## Task description
The entries below must be copied exactly as they are.
Start of Given data
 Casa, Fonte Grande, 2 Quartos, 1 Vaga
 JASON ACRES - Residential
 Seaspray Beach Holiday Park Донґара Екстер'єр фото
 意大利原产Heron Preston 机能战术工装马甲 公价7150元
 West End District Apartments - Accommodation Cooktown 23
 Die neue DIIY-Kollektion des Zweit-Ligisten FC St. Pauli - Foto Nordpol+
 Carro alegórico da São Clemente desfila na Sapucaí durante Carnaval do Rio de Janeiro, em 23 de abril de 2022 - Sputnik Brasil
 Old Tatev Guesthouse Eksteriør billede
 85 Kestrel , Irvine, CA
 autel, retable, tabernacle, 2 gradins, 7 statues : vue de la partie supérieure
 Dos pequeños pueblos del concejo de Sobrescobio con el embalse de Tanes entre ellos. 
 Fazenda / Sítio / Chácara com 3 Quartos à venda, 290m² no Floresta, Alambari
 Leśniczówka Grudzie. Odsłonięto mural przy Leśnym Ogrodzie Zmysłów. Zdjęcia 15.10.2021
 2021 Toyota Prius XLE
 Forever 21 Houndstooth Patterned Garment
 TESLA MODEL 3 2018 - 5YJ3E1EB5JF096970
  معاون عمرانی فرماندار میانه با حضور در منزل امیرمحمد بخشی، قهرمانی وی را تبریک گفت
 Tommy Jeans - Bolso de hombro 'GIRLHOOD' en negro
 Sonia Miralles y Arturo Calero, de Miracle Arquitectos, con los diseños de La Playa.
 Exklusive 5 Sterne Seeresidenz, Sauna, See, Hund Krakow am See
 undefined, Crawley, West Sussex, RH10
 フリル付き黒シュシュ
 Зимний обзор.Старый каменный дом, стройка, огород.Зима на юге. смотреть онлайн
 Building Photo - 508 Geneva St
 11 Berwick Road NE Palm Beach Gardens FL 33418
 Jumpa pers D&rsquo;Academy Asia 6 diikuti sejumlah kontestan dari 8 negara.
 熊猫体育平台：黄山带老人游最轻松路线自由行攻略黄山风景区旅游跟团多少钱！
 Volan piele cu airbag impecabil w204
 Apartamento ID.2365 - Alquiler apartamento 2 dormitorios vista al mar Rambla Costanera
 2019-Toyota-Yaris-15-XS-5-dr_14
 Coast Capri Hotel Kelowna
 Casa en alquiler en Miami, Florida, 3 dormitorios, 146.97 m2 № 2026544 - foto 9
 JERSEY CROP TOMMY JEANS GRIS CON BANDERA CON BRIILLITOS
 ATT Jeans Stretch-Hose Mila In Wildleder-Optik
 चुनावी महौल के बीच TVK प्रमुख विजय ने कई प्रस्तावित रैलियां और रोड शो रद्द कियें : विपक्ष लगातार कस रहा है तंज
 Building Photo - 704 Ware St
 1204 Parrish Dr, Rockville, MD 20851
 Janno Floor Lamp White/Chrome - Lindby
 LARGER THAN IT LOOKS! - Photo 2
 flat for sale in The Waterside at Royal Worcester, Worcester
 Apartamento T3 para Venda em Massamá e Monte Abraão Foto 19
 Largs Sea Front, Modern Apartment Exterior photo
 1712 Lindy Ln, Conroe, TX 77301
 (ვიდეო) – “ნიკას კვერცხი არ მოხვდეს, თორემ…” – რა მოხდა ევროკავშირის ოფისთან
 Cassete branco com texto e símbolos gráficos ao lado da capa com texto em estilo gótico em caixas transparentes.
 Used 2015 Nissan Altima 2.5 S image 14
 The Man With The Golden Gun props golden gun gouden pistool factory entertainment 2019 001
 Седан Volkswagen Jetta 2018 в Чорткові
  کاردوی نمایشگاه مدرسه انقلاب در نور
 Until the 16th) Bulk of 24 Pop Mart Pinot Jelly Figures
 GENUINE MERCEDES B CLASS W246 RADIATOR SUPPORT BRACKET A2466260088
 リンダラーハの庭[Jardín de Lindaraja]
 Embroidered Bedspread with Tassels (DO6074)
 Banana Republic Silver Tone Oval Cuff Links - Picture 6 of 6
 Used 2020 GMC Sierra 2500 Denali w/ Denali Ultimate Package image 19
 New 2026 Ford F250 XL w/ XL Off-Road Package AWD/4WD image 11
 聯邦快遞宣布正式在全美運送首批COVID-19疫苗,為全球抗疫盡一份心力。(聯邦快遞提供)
End of Given data
## Answer section
 Casa, Fonte Grande, 2 Quartos, 1 Vaga
 JASON ACRES - Residential
 Seaspray Beach Holiday Park Донґара Екстер'єр фото
 意大利原产Heron Preston 机能战术工装马甲 公价7150元
 West End District Apartments - Accommodation Cooktown 23
 Die neue DIIY-Kollektion des Zweit-Ligisten FC St. Pauli - Foto Nordpol+
 Carro alegórico da São Clemente desfila na Sapucaí durante Carnaval do Rio de Janeiro, em 23 de abril de 2022 - Sputnik Brasil
 Old Tatev Guesthouse Eksteriør billede
 85 Kestrel , Irvine, CA
 autel, retable, tabernacle, 2 gradins, 7 statues : vue de la partie supérieure
 Dos pequeños pueblos del concejo de Sobrescobio con el embalse de Tanes entre ellos. 
 Fazenda / Sítio / Chácara com 3 Quartos à venda, 290m² no Floresta, Alambari
 Leśniczówka Grudzie. Odsłonięto mural przy Leśnym Ogrodzie Zmysłów. Zdjęcia 15.10.2021
 2021 Toyota Prius XLE
 Forever 21 Houndstooth Patterned Garment
 TESLA MODEL 3 2018 - 5YJ3E1EB5JF096970
  معاون عمرانی فرماندار میانه با حضور در منزل امیرمحمد بخشی، قهرمانی وی را تبریک گفت
 Tommy Jeans - Bolso de hombro 'GIRLHOOD' en negro
 Sonia Miralles y Arturo Calero, de Miracle Arquitectos, con los diseños de La Playa.
 Exklusive 5 Sterne Seeresidenz, Sauna, See, Hund Krakow am See
 undefined, Crawley, West Sussex, RH10
 フリル付き黒シュシュ
 Зимний обзор.Старый каменный дом, стройка, огород.Зима на юге. смотреть онлайн
 Building Photo - 508 Geneva St
 11 Berwick Road NE Palm Beach Gardens FL 33418
 Jumpa pers D&rsquo;Academy Asia 6 diikuti sejumlah kontestan dari 8 negara.
 熊猫体育平台：黄山带老人游最轻松路线自由行攻略黄山风景区旅游跟团多少钱！
 Volan piele cu airbag impecabil w204
 Apartamento ID.2365 - Alquiler apartamento 2 dormitorios vista al mar Rambla Costanera
 2019-Toyota-Yaris-15-XS-5-dr_14
 Coast Capri Hotel Kelowna
 Casa en alquiler en Miami, Florida, 3 dormitorios, 146.97 m2 № 2026544 - foto 9
 JERSEY CROP TOMMY JEANS GRIS CON BANDERA CON BRIILLITOS
 ATT Jeans Stretch-Hose Mila In Wildleder-Optik
 चुनावी महौल के बीच TVK प्रमुख विजय ने कई प्रस्तावित रैलियां और रोड शो रद्द कियें : विपक्ष लगातार कस रहा है तंज
 Building Photo - 704 Ware St
 1204 Parrish Dr, Rockville, MD 20851
 Janno Floor Lamp White/Chrome - Lindby
 LARGER THAN IT LOOKS! - Photo 2
 flat for sale in The Waterside at Royal Worcester, Worcester
 Apartamento T3 para Venda em Massamá e Monte Abraão Foto 19
 Largs Sea Front, Modern Apartment Exterior photo
 1712 Lindy Ln, Conroe, TX 77301
 (ვიდეო) – “ნიკას კვერცხი არ მოხვდეს, თორემ…” – რა მოხდა ევროკავშირის ოფისთან
 Cassete branco com texto e símbolos gráficos ao lado da capa com texto em estilo gótico em caixas transparentes.
 Used 2015 Nissan Altima 2.5 S image 14
 The Man With The Golden Gun props golden gun gouden pistool factory entertainment 2019 001
 Седан Volkswagen Jetta 2018 в Чорткові
  کاردوی نمایشگاه مدرسه انقلاب در نور
 Until the 16th) Bulk of 24 Pop Mart Pinot Jelly Figures
 GENUINE MERCEDES B CLASS W246 RADIATOR SUPPORT BRACKET A2466260088
 リンダラーハの庭[Jardín de Lindaraja]
 Embroidered Bedspread with Tassels (DO6074)
 Banana Republic Silver Tone Oval Cuff Links - Picture 6 of 6
 Used 2020 GMC Sierra 2500 Denali w/ Denali Ultimate Package image 19
 New 2026 Ford F250 XL w/ XL Off-Road Package AWD/4WD image 11
 聯邦快遞宣布正式在全美運送首批COVID-19疫苗,為全球抗疫盡一份心力。(聯邦快遞提供)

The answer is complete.